The two Critical-severity CVEs (CVE-2026-4408 and CVE-2026-4480) do not affect TrueNAS and do not contribute to the TrueNAS risk rating.
The patched Samba version will be included in TrueNAS 25.10.4. Customers should upgrade to 25.10.4 or later when available.
CVE-2026-1933 — Interim mitigation:
No low-impact mitigation is available. The vulnerability requires both share read-only configuration and filesystem write access by the attacker. Review whether users who have filesystem write access to files on read-only shares represent a plausible attack scenario in your deployment.
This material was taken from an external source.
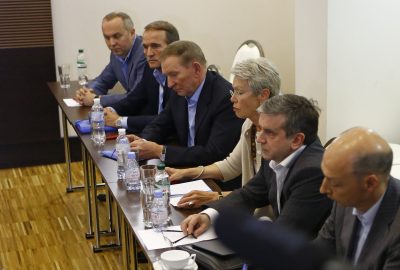 Переговоры с террористами в Донецке Переговоры с террористами в Донецке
If so, consider temporarily removing read only = yes from affected shares and enforcing access control at the filesystem level until a patched release is available — however, this changes share behavior and should be evaluated carefully.
CVE-2026-2340 — Interim mitigation:
For deployments using the WORM vfs module, remove write access from authenticated users on WORM-protected shares until a patched Samba release is installed. WORM protection cannot be considered reliable against authenticated users with share write access on unpatched systems.
Deployments not using the WORM vfs module are not exposed to CVE-2026-2340 and require no action for that CVE. Deployments without read-only SMB shares, or where filesystem-level write access is not granted to users accessing read-only shares, are not exposed to CVE-2026-1933 in practice.
- CVE-2026-1933: https://www.samba.org/samba/security/CVE-2026-1933.html
- CVE-2026-2340: https://www.samba.org/samba/security/CVE-2026-2340.html
- CVE-2026-3012: https://www.samba.org/samba/security/CVE-2026-3012.html
- CVE-2026-3238: https://www.samba.org/samba/security/CVE-2026-3238.html
- CVE-2026-4408: https://www.samba.org/samba/security/CVE-2026-4408.html
- CVE-2026-4480: https://www.samba.org/samba/security/CVE-2026-4480.html
- TrueNAS Security: https://security.truenas.com
Of the six CVEs in this Samba security release, two affect TrueNAS CE/Enterprise: CVE-2026-1933 and CVE-2026-2340. Both are authenticated attacks with no path to code execution or privilege escalation, and CVE-2026-2340 requires non-default WORM configuration. The four remaining CVEs — including the two rated Critical — do not apply to TrueNAS due to features and roles TrueNAS does not support. This document will be updated to reflect resolved status once TrueNAS 25.10.4 is released and verified.
This document will be updated as additional information becomes available or if circumstances change.